Transferable logic: Sign consistency masking can be extended to eigenspaces (future work), RL, or continual learning. "Being cautious where updates conflict with gradients" is a universal stabilization principle.

Limitations & Future Work¶

Single-step vs Multi-step Dominance: Theory only guarantees single-step advantages; multi-step gains rely on empirical evidence as counterexamples can be constructed (consistent with no free lunch).
Variable Gain Magnitude: Improvements in LLM perplexity are often under 1%; whether to enable this in all scenarios depends on the specific task.
Aggressive Masking: The hard mask \(\mathbb{I}(\cdot > 0)\) might discard useful updates when gradient noise is high. The authors mention smoother \(\phi_c\) or inner-product-based masks, but only the simple hard mask was used in main experiments.
Future Directions: Extension to RL and continual learning; masking in eigenspace instead of parameter space; rigorous analysis of why cautious optimizers improve convergence rates beyond empirical evidence.

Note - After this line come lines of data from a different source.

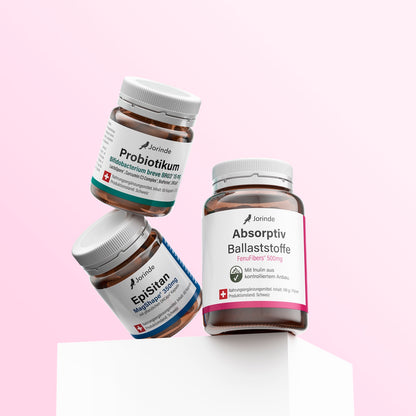 Irritable Bowel Syndrome Program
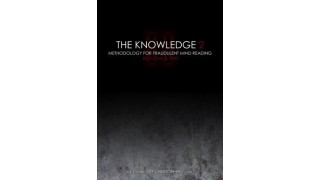 The Knowledge (1-2) by Dee Christopher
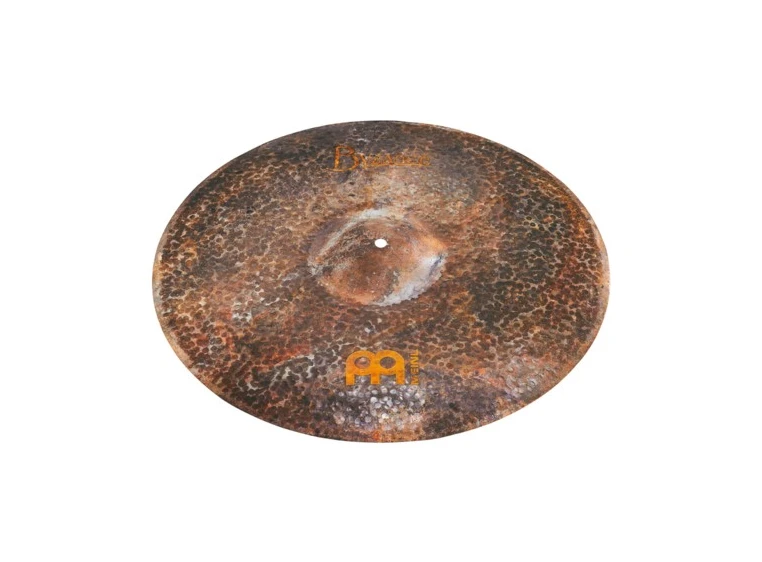 Meinl Byzance 22" Extra Dry Medium Ride 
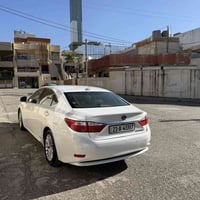 lexus es300h 2015 فوول فوول مواسةفات ٣ بارچەی بۆیاخە بێ ناوگرتن بێئێرب...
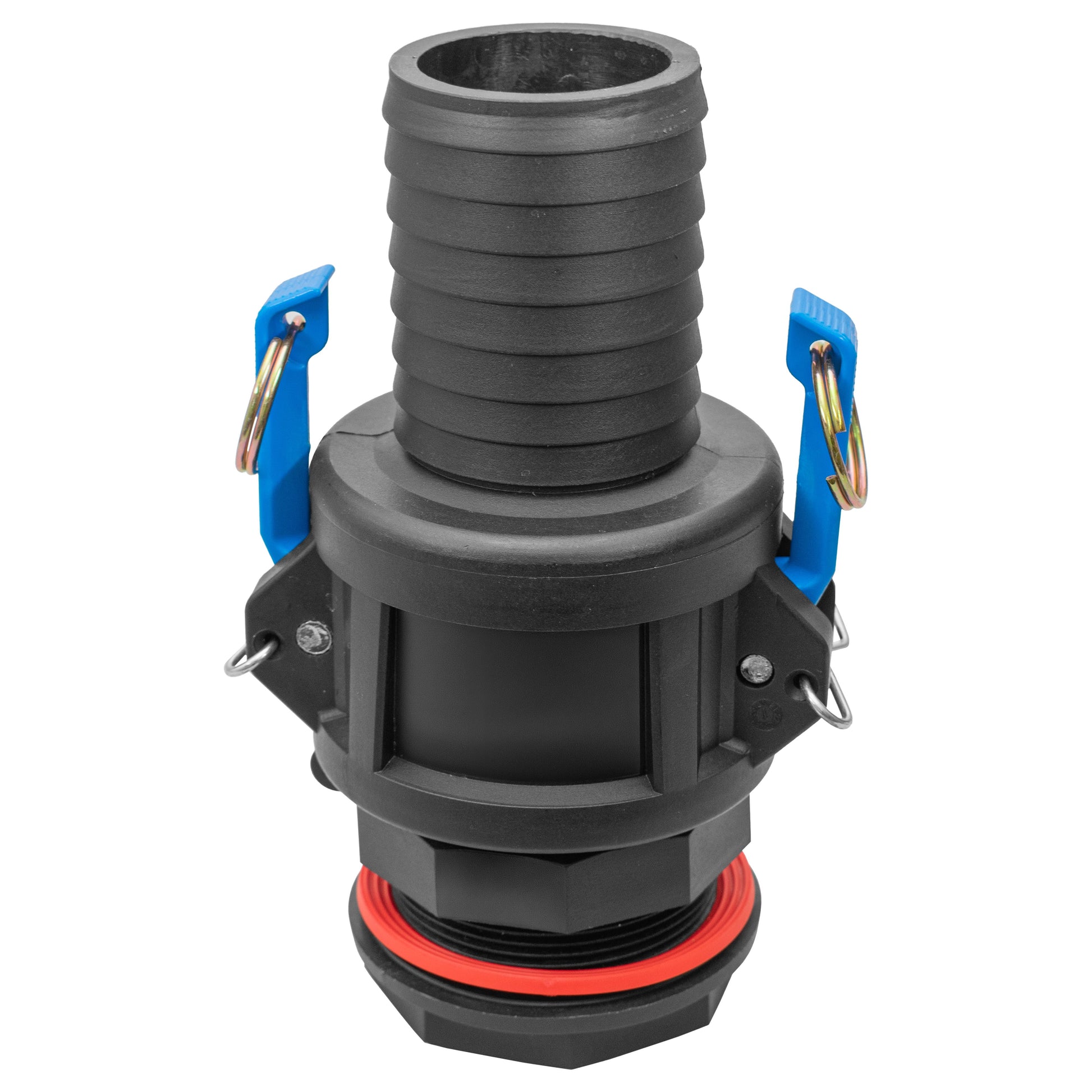 Type F + C Camlock to Water Butt Adapter Kit - River Nile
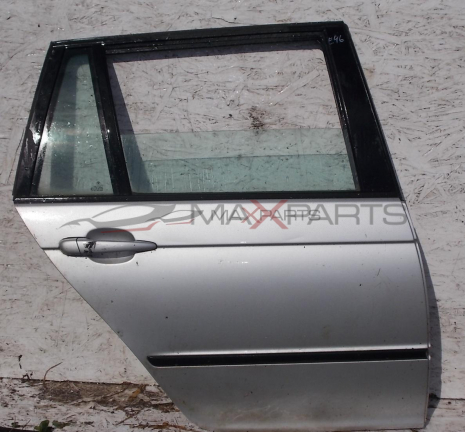 BMW E46 REAR R COMBI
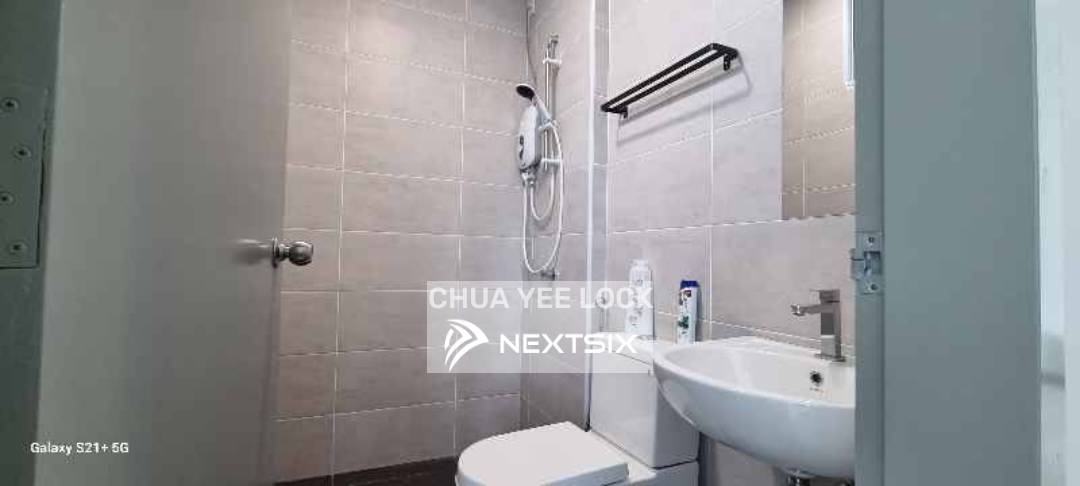 Serviced Residence For Rent in Cheras Selangor - Image 5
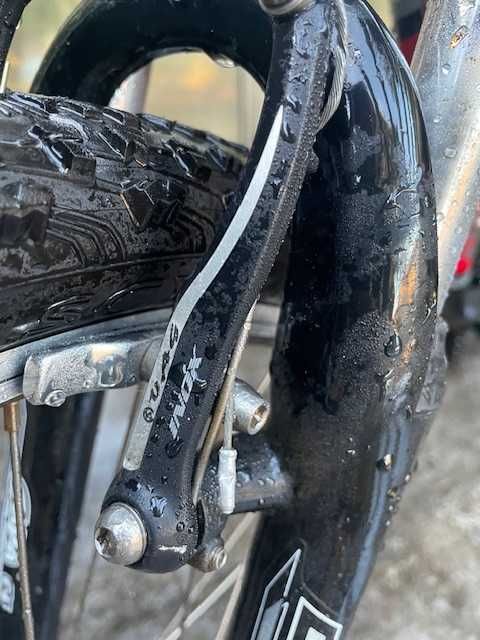 BTT VAG quase nova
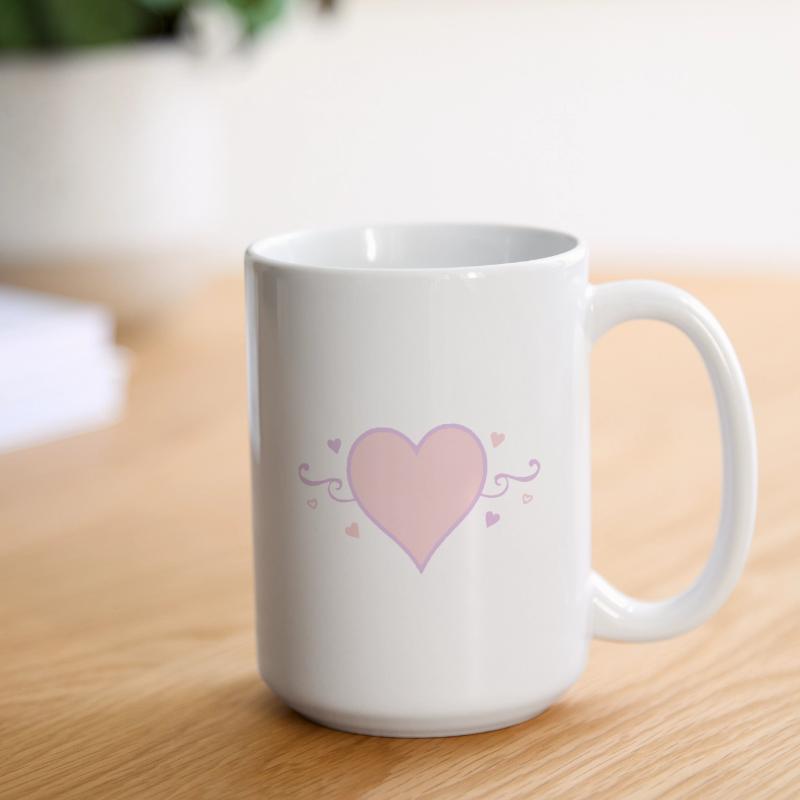 Muttertags Geschenk Mutter Muttertag Geschenkidee  Große Tasse 440 ml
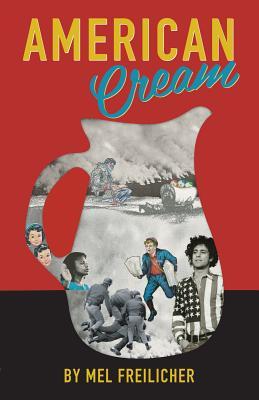 Vorderes Coverbild American Cream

vs AdamW Variants (NAdam / AdaBelief / Adan / ADOPT): These methods modify Adam's internal momentum, second-order statistics, or Nesterov terms, usually requiring re-tuning and sometimes increasing memory. Cautious optimization is an outer layer that works with any momentum optimizer.
vs Lion / SHAMPOO / SOAP / Schedule-Free: These "AdamW replacements" claim major gains but carry high tuning costs. This paper does not replace them but enhances them (e.g., C-Lion), positioning itself as a "performance booster" rather than a standalone optimizer.
vs Hamiltonian Dynamics Analysis: While prior work used these frameworks to explain momentum convergence, this paper uses the framework as a design tool to derive modifications that simultaneously decrease \(H\) and \(L\).

Rating¶

Novelty: ⭐⭐⭐⭐ Minimalistic modification with a fresh perspective—rooting sign consistency in the Hamiltonian framework.
Experimental Thoroughness: ⭐⭐⭐⭐ Covers 2D toys, LLM pre-training (scaling to 1.2B + benchmarks), and multiple image classification optimizers, though improvements in some cases are marginal.
Writing Quality: ⭐⭐⭐⭐ Clear interleaving of theory and intuition; pseudo-code and "one line of code" are very accessible.
Value: ⭐⭐⭐⭐⭐ Extremely high practical value due to zero-cost plug-and-play nature without hyperparameter changes.